Into this rich rave heritage steps Django Django. It’s been over a decade since the band formed in Edinburgh, grooving onto the scene with their Mercury-nominated self-titled debut, and they are here tonight touring their latest album, Off Planet. It’s their most ambitious LP yet; a loose concept album of 21 tracks split across four “planets”, featuring a range of guests including Jack Peñate and Self Esteem (whose first EP David Maclean produced).
Opener ‘Spirals’ is a statement of intent – with signature exploring synths and propulsive percussion. Dressed in uniform white and adorned in a nebula of smoke as heavy as the bass emanating from the speaker stacks, the four piece perform under vigorously flashing lights, only briefly stopping to enthuse, “it’s f*cking great to be back in KOKO!”. The first big reaction of the night comes with debut album banger ‘Hail Bop’ which segues seamlessly into a cover of The Beatles’ ‘Tomorrow Never Knows’, a stunningly cosmic rendition which has now become a live staple.
The band comprises many influences: dance pop, bluesy Americana, indie and house to name a few, and they exhibit them well in the first half. Another hallmark of a ‘Djangos’ track, and no small part of their charm, are the gorgeous vocal harmonies, alluring enough to make Brian Wilson smile. There is also a particularity to the driving drumming which is evocative of krautrock but also invokes Adam Ant.

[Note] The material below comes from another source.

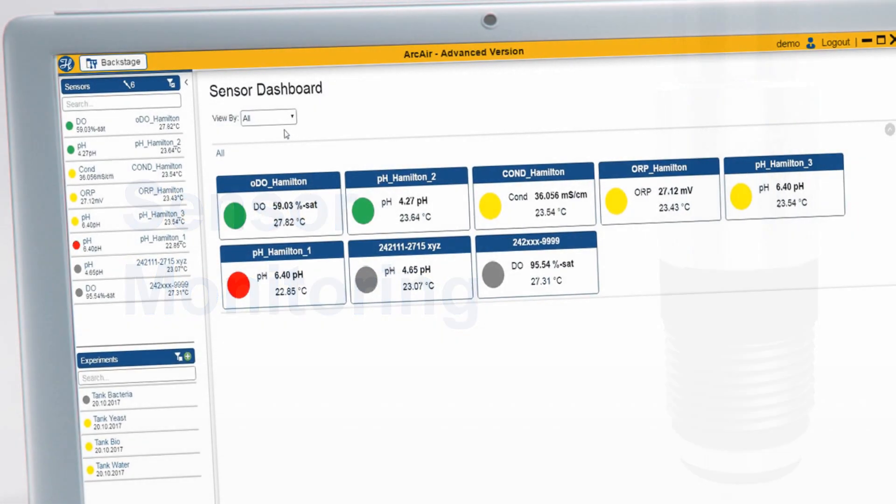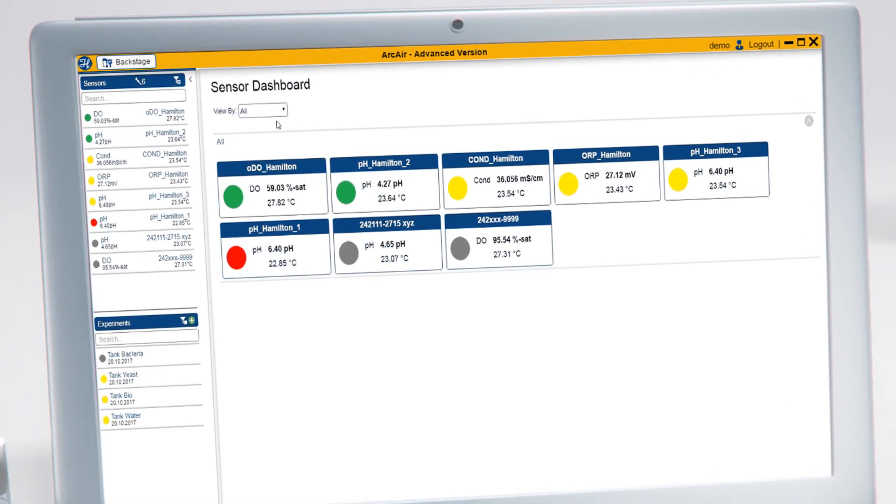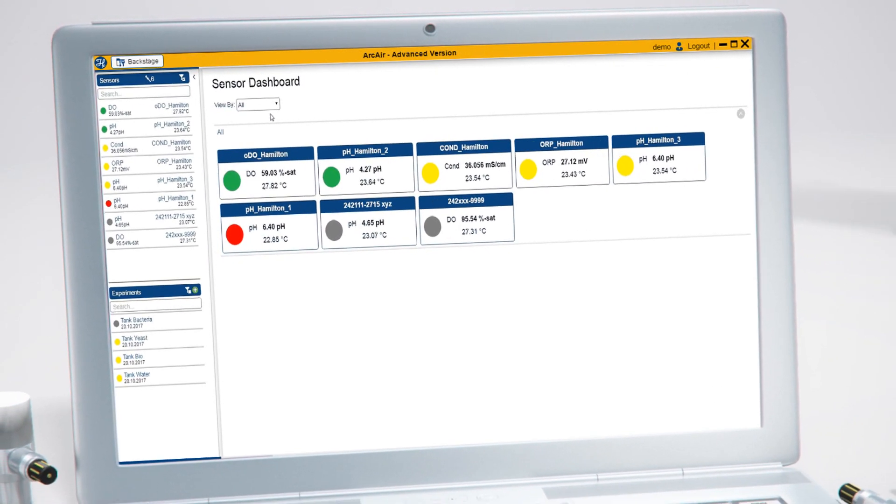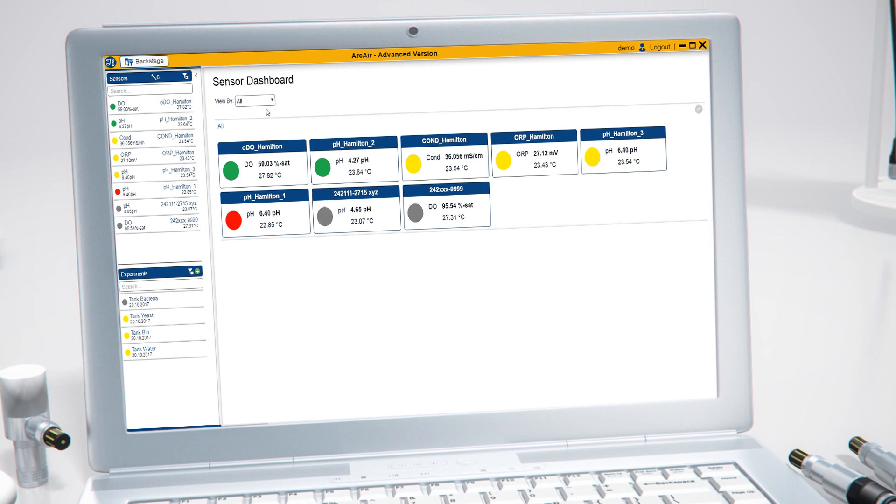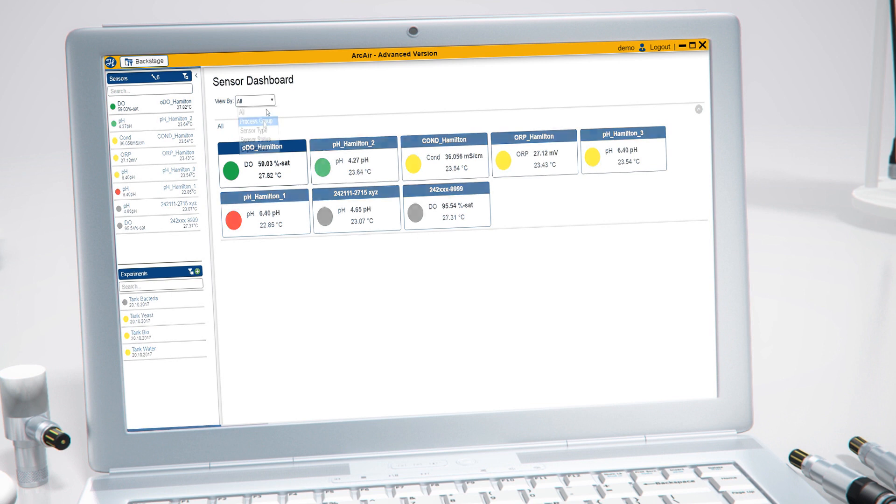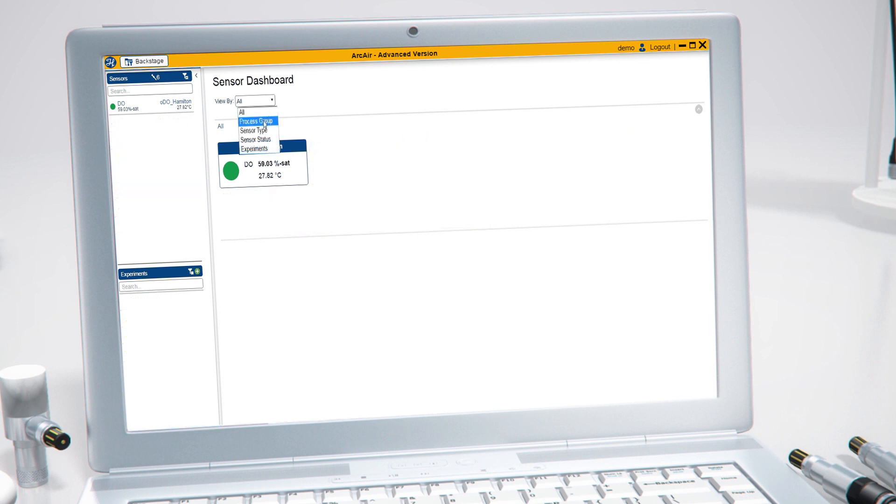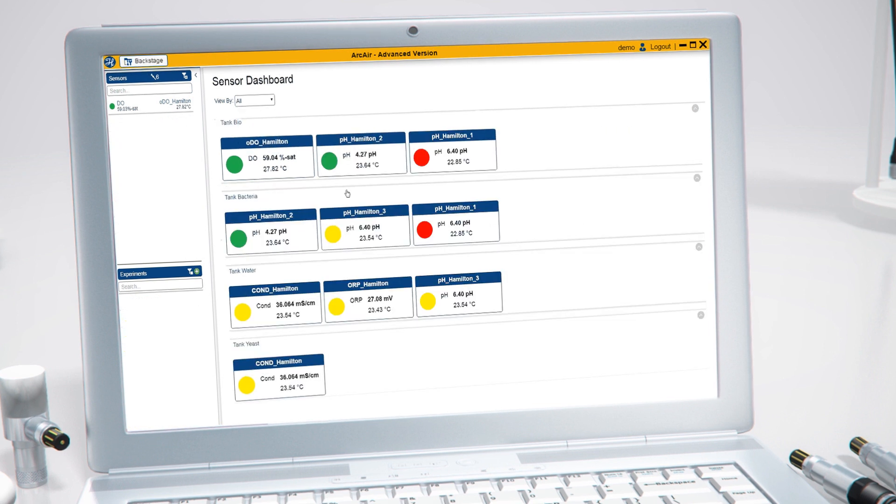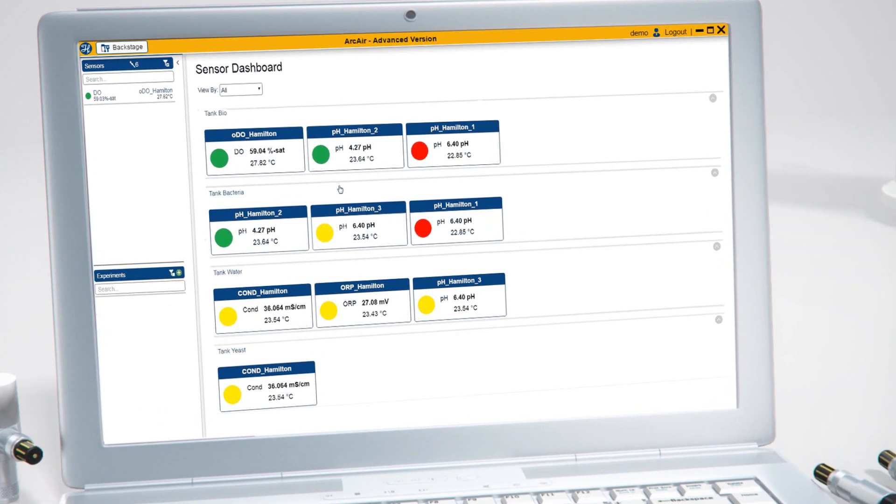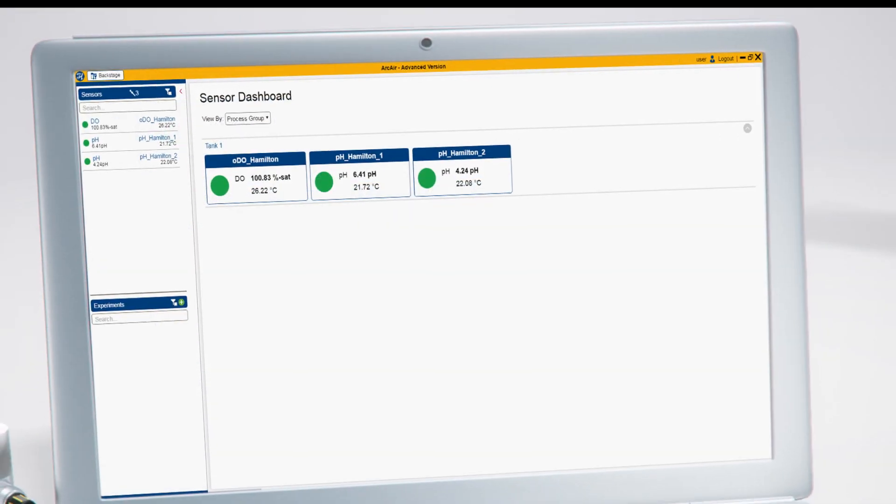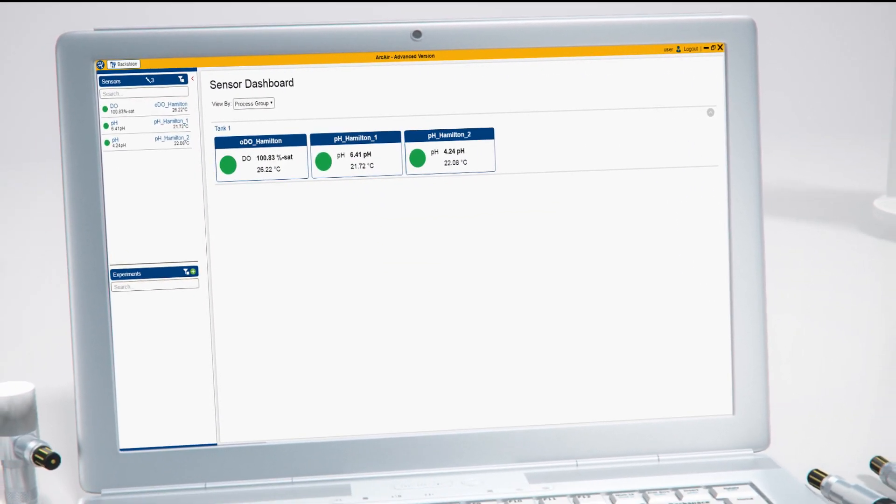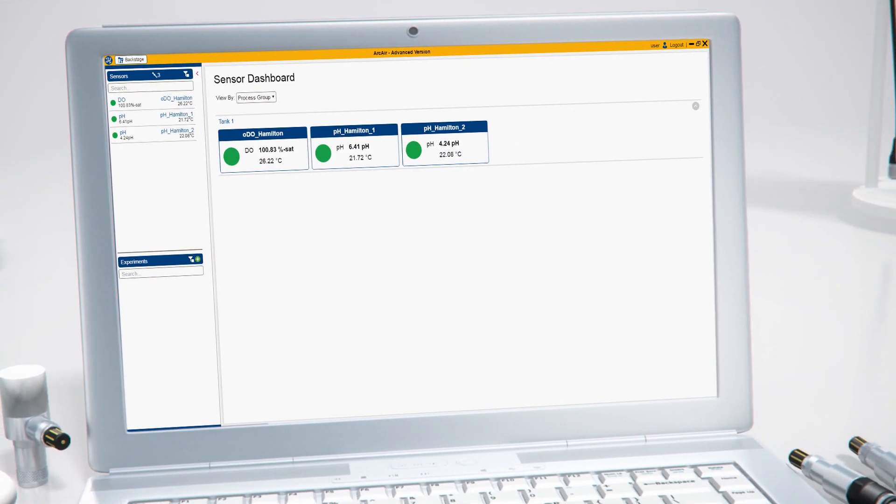The dashboard allows you to monitor the status of all sensors in the lab on a single screen. Colored indicators enable quick identification of sensors needing attention. You can use filters to display sensors according to your requirements. You can easily check all sensor information by selecting a sensor.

The middle section lowers the tempo and features the unrecorded song ‘Somebody’s Reality’, and new album highlight ‘Black Cadillac’, before things get altogether deeper and ravier. Beginning with ‘Waveforms’ and ending with ‘Silver Rays’, the last act sandwiches some live favourites including ‘Default’ and a Daft Punk cover (‘Around The World’) in between. With the room darkened and the lights strobed white, the hypnotic intensity of the performance is almost LCD Soundsystem; three of them briskly orbiting around synths in the corner, the crowd getting down.
The album most represented in the setlist is their debut, which might suggest Django Django are still somewhat beholden to it. However, they have so much brilliant material and nothing to prove. As the band encore with an excellent extended rendition of Marble Skies’ ‘Champagne’, it’s clear Django Django have become one of the best live acts around.